HC Deb 15 March 1979 vol 964 cc691-3
Q1. Mr. Dykes

asked the Prime Minister what plans he has to hold a meeting with the Trades Union Congress.

The Prime Minister (Mr. JamesCallaghan)

I meet representatives of the TUC from time to time at the National Economic Development Council and on other occasions. Further meetings will be arranged as necessary.

Mr. Dykes

Since the Prime Minister will undoubtedly be discussing rising prices with the TUC again soon, does he still stand by his solemn statement made on ITV on 20 July 1978 that I guarantee that prices and inflation will not go back into double figures in the course of 1979 "?

The Prime Minister

I think that that statement must be amended in the light of what has taken place since that date.

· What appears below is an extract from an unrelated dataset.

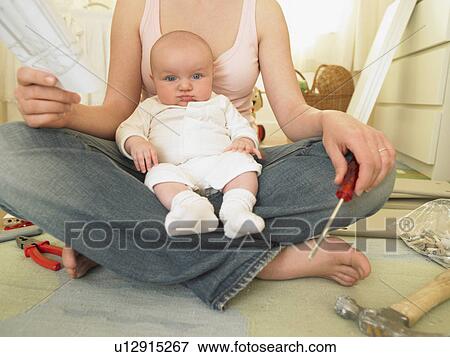 Woman with baby building furniture View Large Photo Image Stock Photo - Woman with baby building furniture. Fotosearch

The policy that the Government announced at that time would undoubtedly have reduced inflation, but a number of factors intervened, including the vote of the Opposition before Christmas, which removed any sanctions from the hands of the Government in these matters. They lit the fuse. They must stand the results of some of the consequences.

Mr. Molloy

When my right hon. Friend meets the TUC, will he make clear how the Leader of the Opposition disapproved of his endeavours to defend the British people, especially on prices? If, by some tragedy, she came to power, recent industrial skirmishes would appear trivial. The attitude of the Leader of the Opposition on issues that affect ordinary working people would cause the most serious crisis this country has ever faced.

The Prime Minister

Yes, Sir. I can understand my hon. Friend's concern about these matters, although I was glad to see that the hon. Member for St. Ives (Mr. Nott), who does not appear to be here this afternoon, made a similar statement. It repeated, in perhaps even more vicious language than mine, what I said at the European Council. I understand that the right hon. Member for Sidcup (Mr. Heath) has been on the air today expressing his view. I do not envy the right hon. Lady the Leader of the Opposition the task of trying to put those views together.

Mrs. Thatcher

I can cope.

The Prime Minister

I am glad to hear that. I suppose it means that we shall get a retraction from the hon. Member for St. Ives just as we have had a retraction on shipbuilding from the hon. Member for Surrey, North-West (Mr. Grylls).

Mr. David Steel

When the Prime Minister next meets the TUC, will he indicate that the 10.1 per cent. figure of inflation forecast by the Price Commission must serve as a terrible warning to the movement? If a voluntary incomes policy cannot be achieved, any Government of this country must retain the right to introduce an effective and enforceable incomes policy.

The Prime Minister

As the right hon. Gentleman said, this is a forecast. We shall see tomorrow the actual rate of increase, when the retail price index is published. Although this forecast has frequently turned out to be accurate, we had better see the actual position when the index is published. As to the future, the right hon. Gentleman knows that I need no convincing about the seriousness of a rising inflation rate both on growth and on employment prospects. I am glad to say that as a result of the most recent discussions between the TUC and ourselves there is an agreement to work out policies that would reduce the rate of inflation to 5 per cent. or below within three years. That, I think, the country as a whole must stick by.

Mr. Kinnock

In my right hon. Friend's reply to the right hon. Lady the Leader of the Opposition, was he not rather unsympathetic, especially now that she appears to be the last pro-Marketeer in Britain? Is not this disturbance manifested by her use of the word"abrasiveness "? For the right hon. Lady to protest a dislike of abrasiveness is rather like Count Dracula professing a distaste for blood. Will my right hon. Friend give an undertaking to increase his abrasiveness until he rubs out altogether the common agricultural policy?

The Prime Minister

If it is language that is objectionable, I am prepared to rely upon the hon. Member for St. Ives, an Opposition spokesman, who said: to oppose this situation vigorously is not anti-European or carping at the edges, it is a necessary protest. I assume that if it is not"carping at the edges"it is hardly abrasive to say so. The right hon. Member for Sidcup (Mr. Heath) must not allow his nostalgia for the past to overcome the facts of the present.